Friday, December 23, 2011

Merry Christmas from Kosovo!

Charlie and I are spending Christmas in Kosovo. We will be thinking of all our family and friends as we toast you on Christmas Day. Health and Happiness to you all! You make our lives so special

We began getting into the Christmas spirit in Vienna and continued it onto Prague. Then I spent last week in Dublin with Maggie, Robin and Lyla making Christmas cookies, shopping, enjoying all the decorations and being immersed in the Christmas tide.

On Christmas Day we are having some fellow Americans (and one really great German guy) over for dinner. We are having ham! Unbelievable in this Muslim country! One of our friends got it from the US Embassy so we are set.

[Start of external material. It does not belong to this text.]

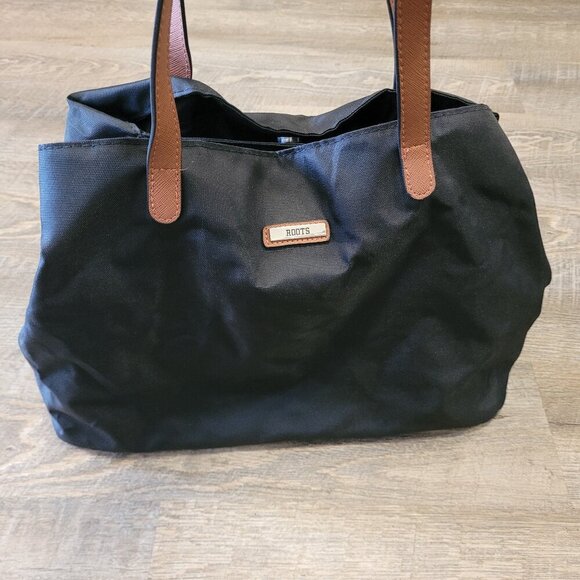 ROOTS | Nylon Tote Bag - Picture 2 of 10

It is always fun to try to replicate US holiday feasts here. I was looking for cream of tartar for cookies and two really nice men at the grocery store kept bringing me various packaged mixes to make pudding (cream?). It may be a challenge to get things here but the people are always so nice and try so hard to help you.

We have five more weeks here. I have LOTS of packing to do. How did we accumulate so much stuff! And I do have several adventures to post for you readers. We are going to Italy for New Years so, hopefully, I'll get those posts written in 2012 before we leave for home.

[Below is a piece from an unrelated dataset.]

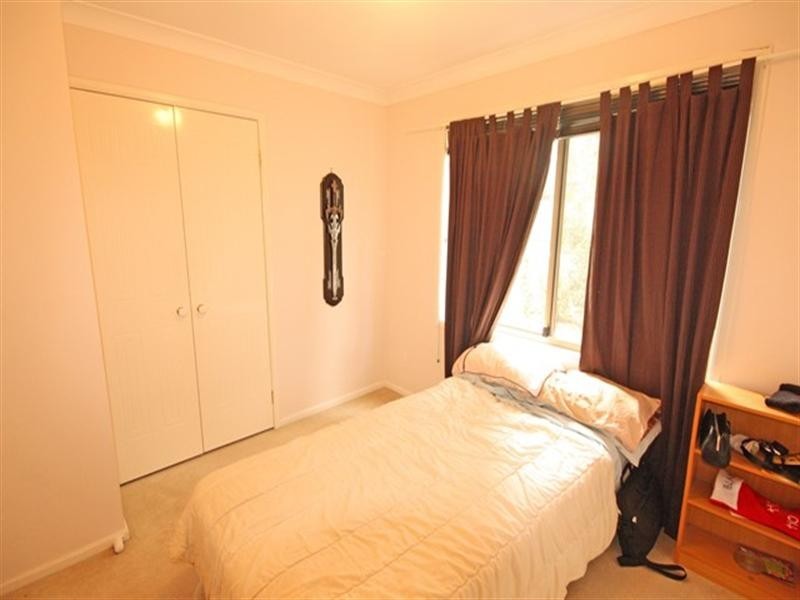 11 Mclaughlin Circuit, Bradbury NSW 2560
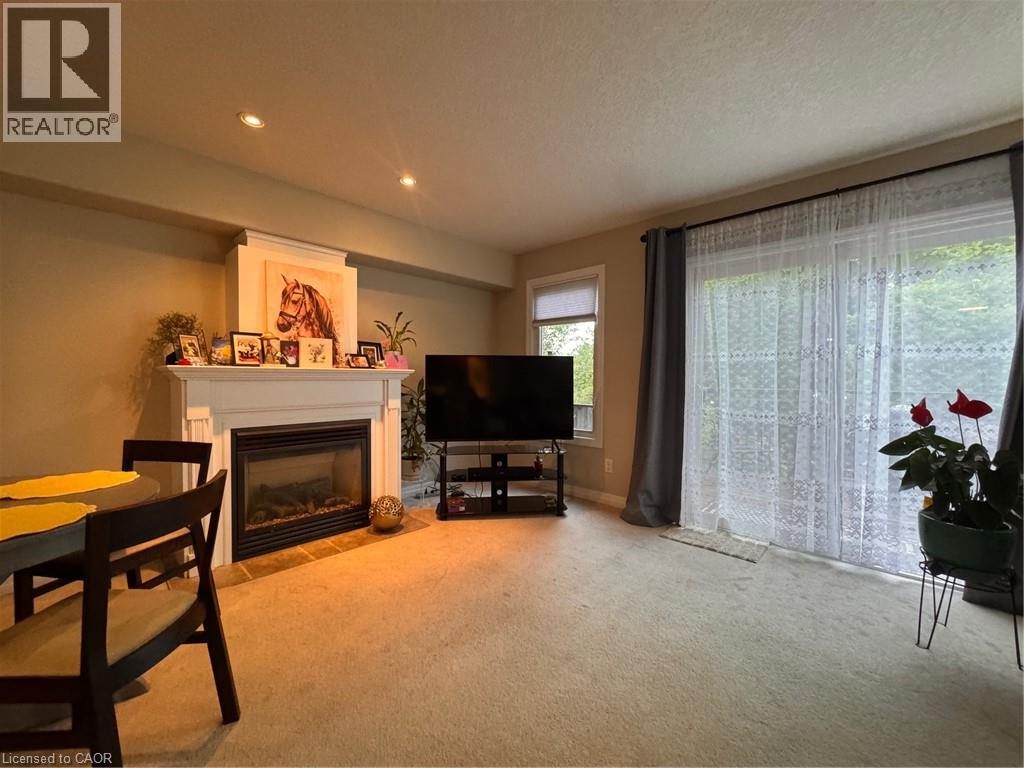 105 Pinnacle Drive Unit# 11, Kitchener, Ontario  N2P 1B8 - Photo 4 - 40860139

May your Christmas be fun and happy and your New Year healthy and full of happy surprises!

Monday, November 28, 2011

Vienna: November 2011

We just got back from weekend in Vienna. What a beautiful city! And it was all decked out for Christmas so that made it even better. We stayed in the inner city near everything we wanted to see. The pedestrian walking area was just outside out hotel door. Every street had a different light display. Some were quite elaborate. It was so beautiful at night. I definitely got into the Christmas spirit! (You might note the McDonald's sign in the upper right. McDonald's is everywyhere...and there was a Starbuck's right across the street.  I think it's quite cheeky of Starbuck's to establish itself in Vienna - the home of European coffee.)

The Christmas Markets were open and we enjoyed them so much. Here are some photos of the three we were able to get to.

Our first Market was in a small neighborhood and had some really unique offerings. I found a lady who made rose "liquer" for use in baking...and drinking. It's fantastic. 

This market had the most unusual things to see both in the stalls and out...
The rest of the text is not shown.